Judging from its contents, repudiation of Nabanja’s official brief, President Museveni insisted that the diversion, regardless of the excuse, is “political subversion”, and must be punished by legal and political actions. Ministers Mary Goretti Kitutu and Agnes Nanduttu who directly supervised Karamoja and were caught with sheets in their respective homes, and Finance State Minister (Planning) Amos Lugolobi who used them to roof his goat shade should jump on their own than wait for the sack.

Kitutu, Nanduttu and Lugolobi should jump to demonstrate remorse and own up to personal responsibility. Lugolobi flipped many uncoordinated and unintelligent responses when first exposed by denying knowledge of the sheets, and then falsely claimed that he had given them to a church, before plucking them off his goat shade as if they could sensibly be re-used. A section of top politicians is used to flipping benefits, and a failure or even delay to bring them before courts of law could send a wrong message that the so-called powerful can get away with behaviours that ordinary Ugandans cannot.
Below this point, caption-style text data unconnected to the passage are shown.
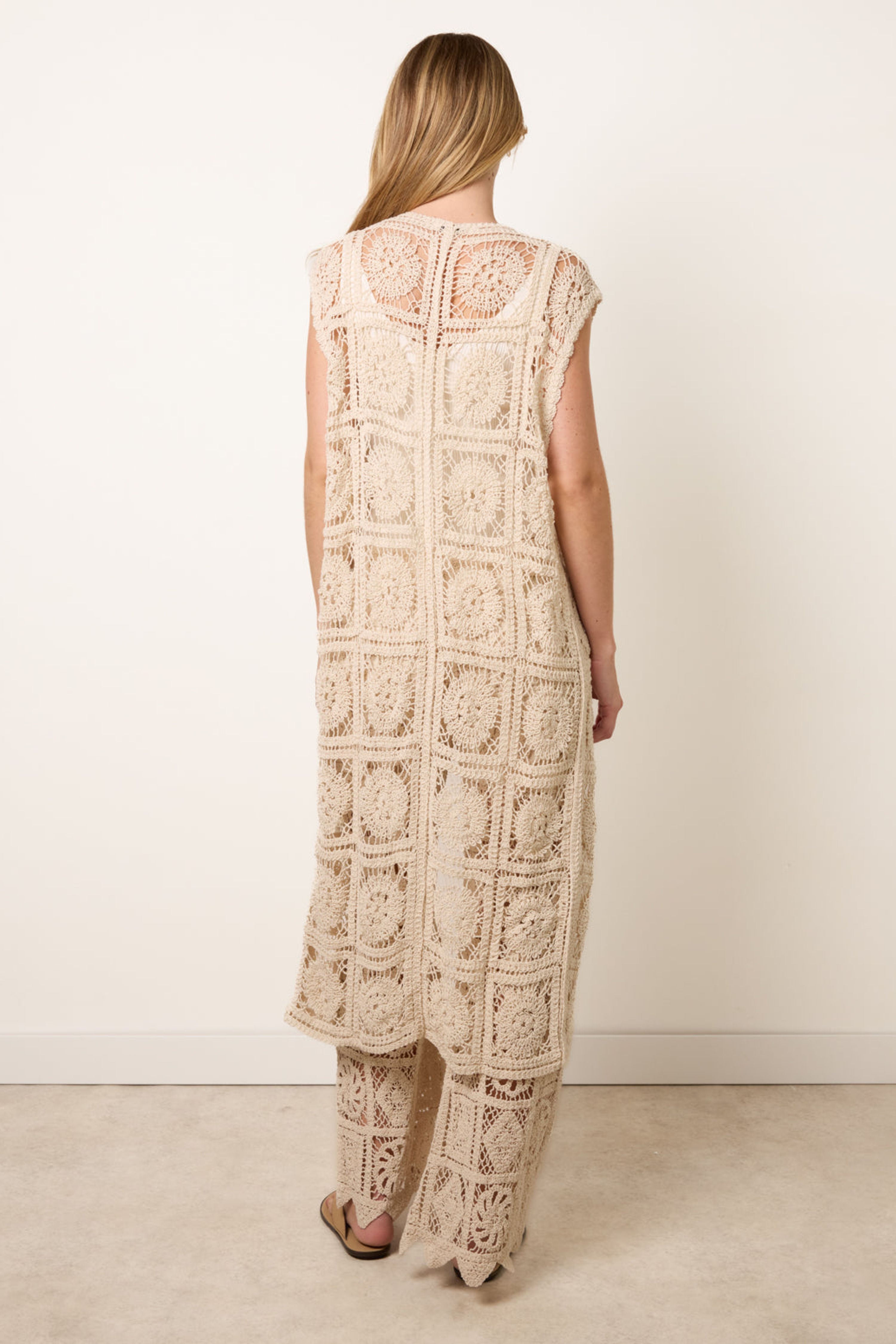 Blue Vanilla Beige Crochet Detailed Tie Front Cardigan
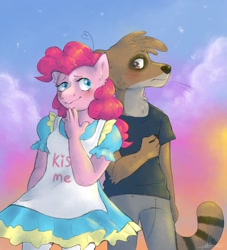 Size: 1304x1438 | Tagged: safe, artist:abbytabbys, pinkie pie, raccoon, anthro, g4, apron, blushing, clothes, crossover, crossover shipping, female, kiss me, male, regular show, rigby (regular show), rigbypie, shipping, shirt, straight, t-shirt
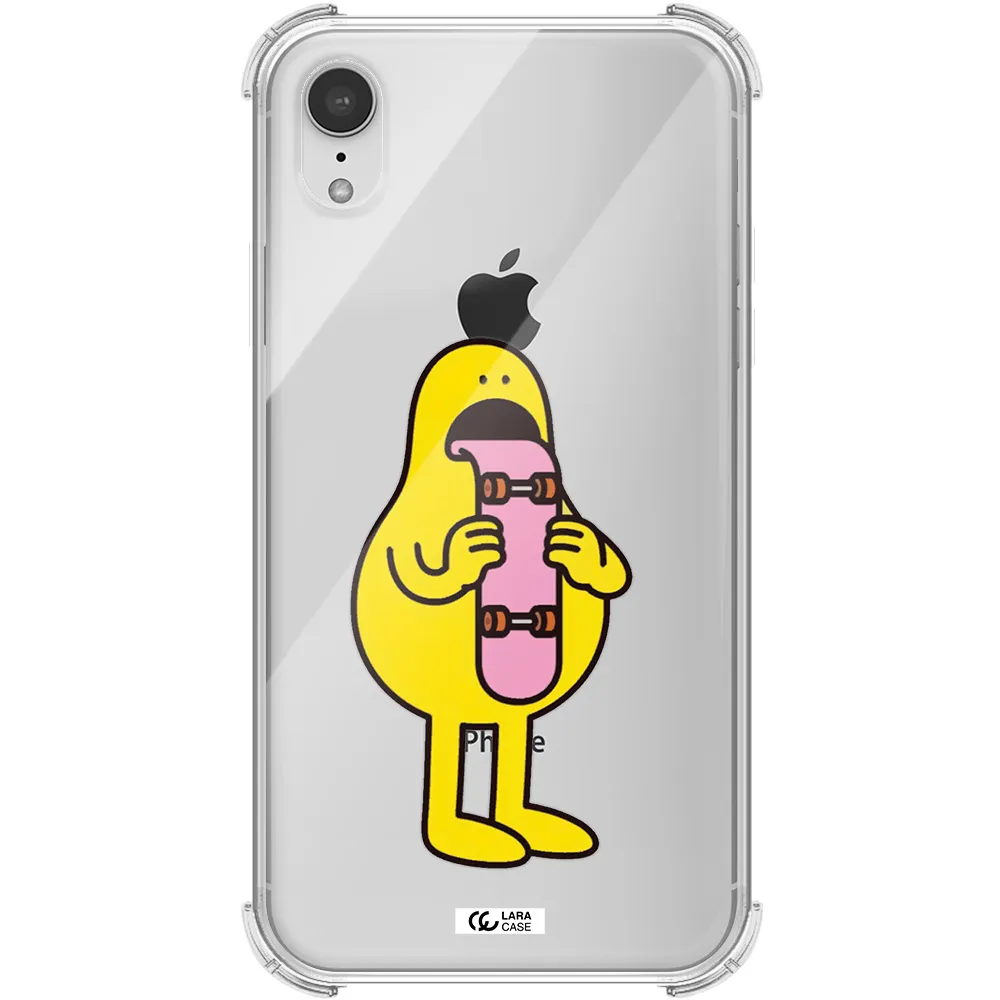 a cartoon character holding a skateboard Apple iPhone XR Clear PC Case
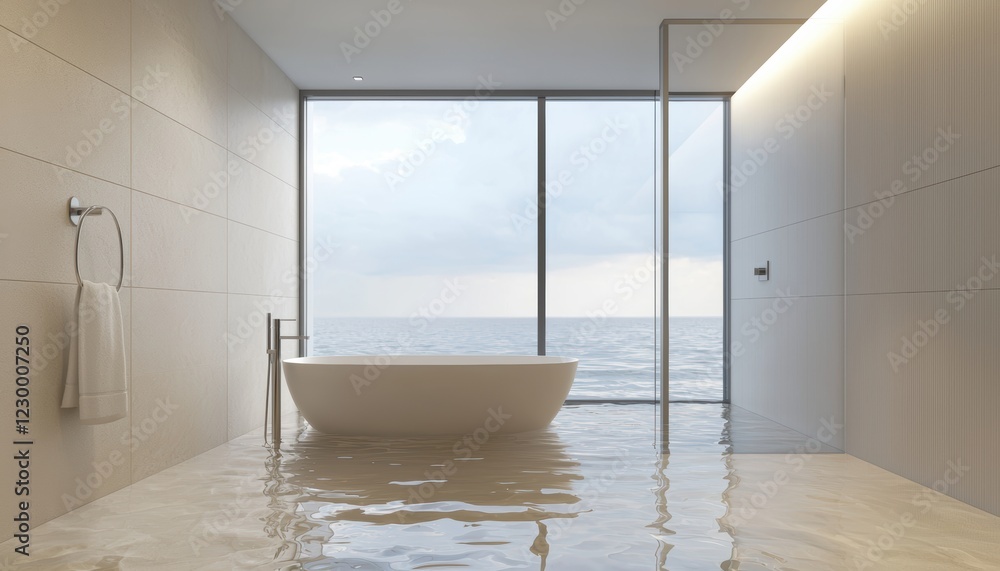 Fototapeta premium Modern bathroom submerged in water, showcasing the impact of leaks or overflow, with natural light streaming through the window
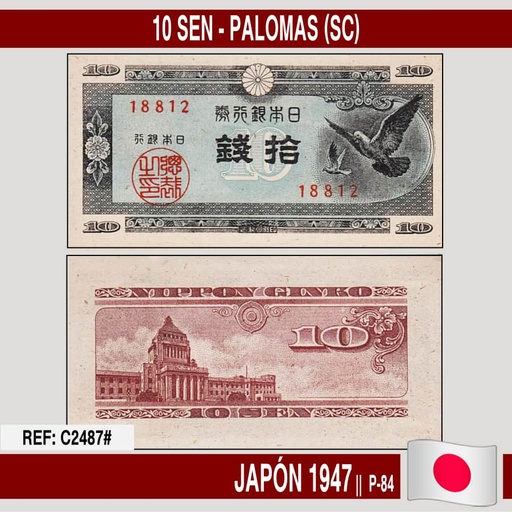 [C2487#] Japón 1947. 10 sen. Palomas (UNC) P-84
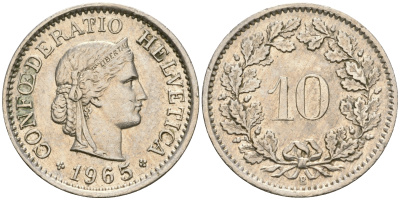 Швейцария 10 раппенов 1965 В KM 27 медно-никель 4364-1331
Every politician named in the scandal except Kitutu has dubiously insisted that they are innocent of all the allegations which make people wonder why they think the public believes that a vice president or minister can have hundreds of roofing sheets delivered to their well-guarded homes by people presumably unknown to them if they didn’t solicit for them. It’s an indication of the low opinion to which they hold their audiences and think the public is so gullible to believe their crap. 
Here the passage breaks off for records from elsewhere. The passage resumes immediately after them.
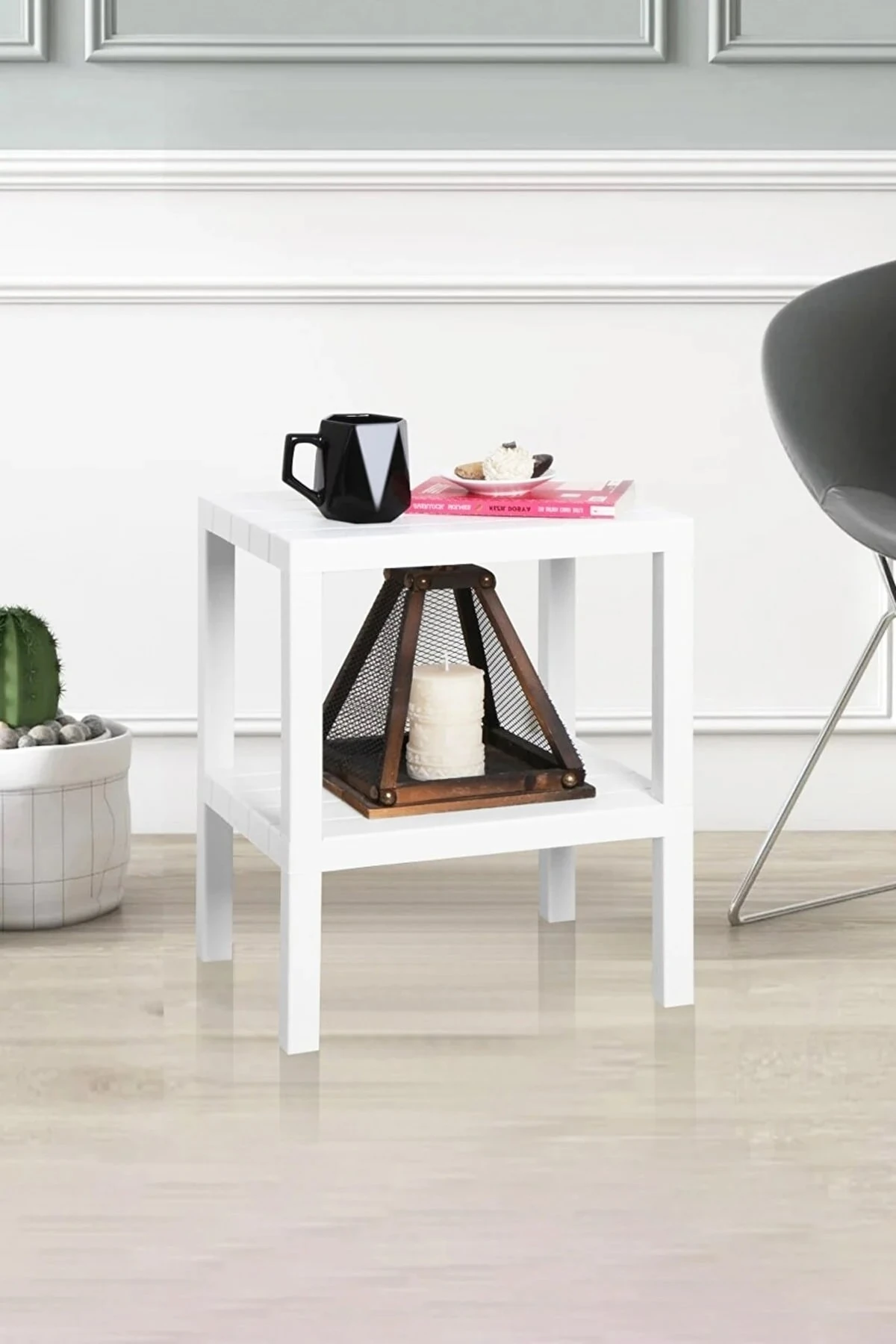 2 Katlı Plastik Bahçe Sehpası, Gazetelikli Masa, Havuz, Plaj, Balkon, Banyo, Mutfak Sehpası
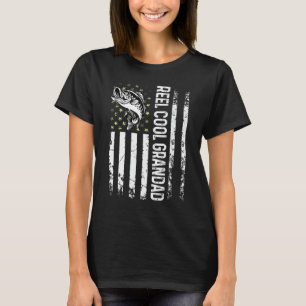Mens Fiske Usa Flag Rulle Cool Farfar För Pappa Hu T Shirt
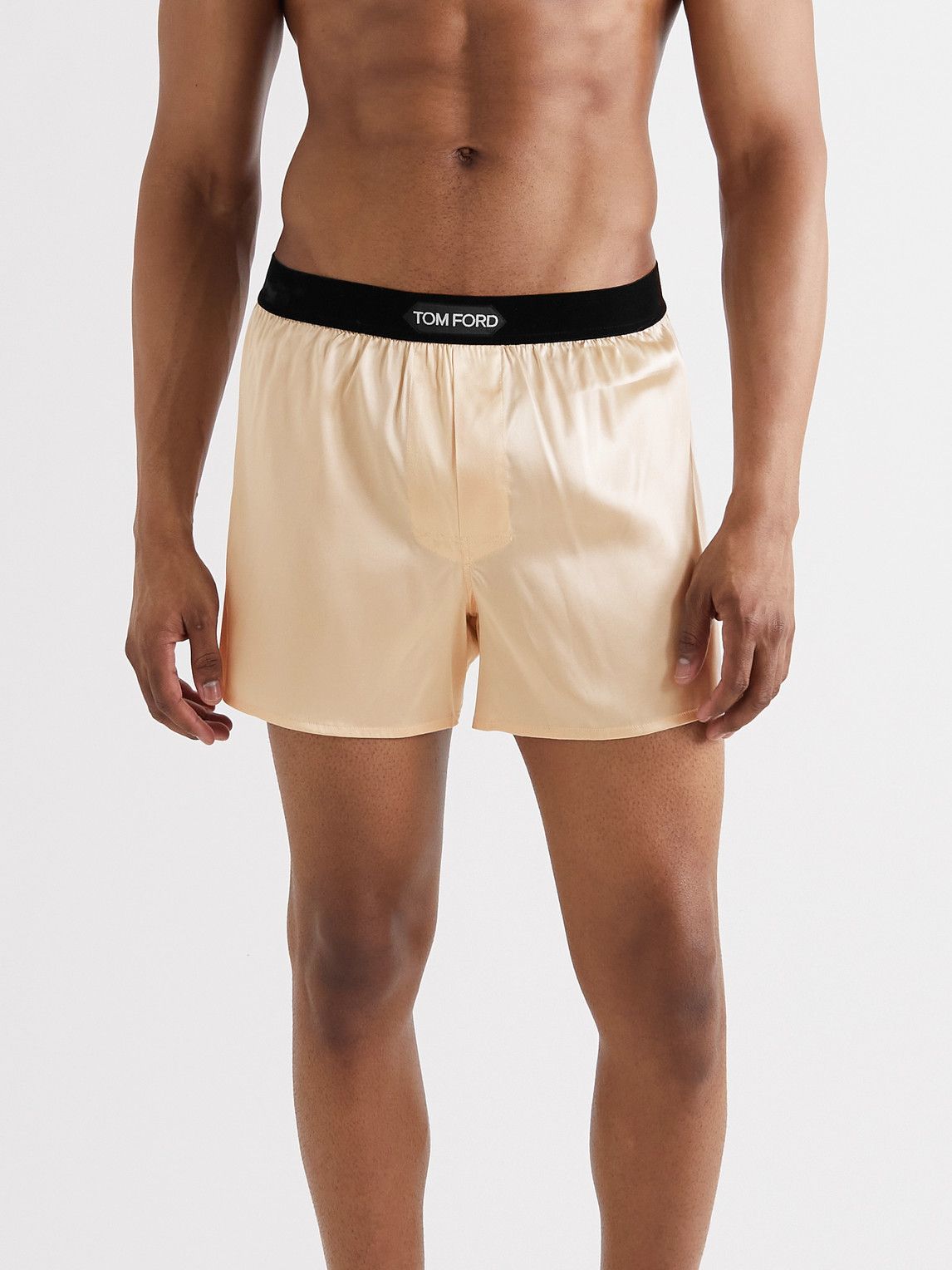 TOM FORD - Velvet-Trimmed Stretch-Silk Satin Boxer Briefs - Neutrals TOM  FORD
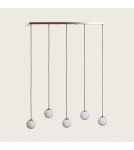 Pendant lamps - Abruzzo Pendant Lamp Glass Spheres Gold 130cm Dante 5xE27 ABR-LWD-5XE27 - product 2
While these ministers like all Ugandans are entitled to the presumption of innocence and a fair trial before a competent court of law until proven otherwise, they shouldn’t be allowed to invoke sympathy on tribal and religious grounds because after all Museveni appointed them well-knowing their social groupings.

These indictments presumably to be followed by of even higher-profile suspects, should be an eye-opener to top political leaders that flagrant impunity won’t be tolerated. And there are those others perhaps in higher political rankings who believe they cannot be touched because of political expedience but that status should be exploited to keep their dubious involvement in the court of public opinion so they are made to wear the badge of shame.

Having worked closely with Uncle Matia Kasaija over the last twenty-three years, it will pain me to probably see him limping into court sessions for arraignment and trial. Whether this case will be watertight or fail the smell test is a ball game to watch. For now, most Ugandans seem to want to see some blood flowing on the ground. And while no one is above the law in Uganda, everyone deserves a fair legal process. The general public is disgusted and won’t show genuine sympathy, especially to the ministers involved in this saga because there is a widespread perception that top government politicians are inflicting damage on society yet drink generously from the public trough.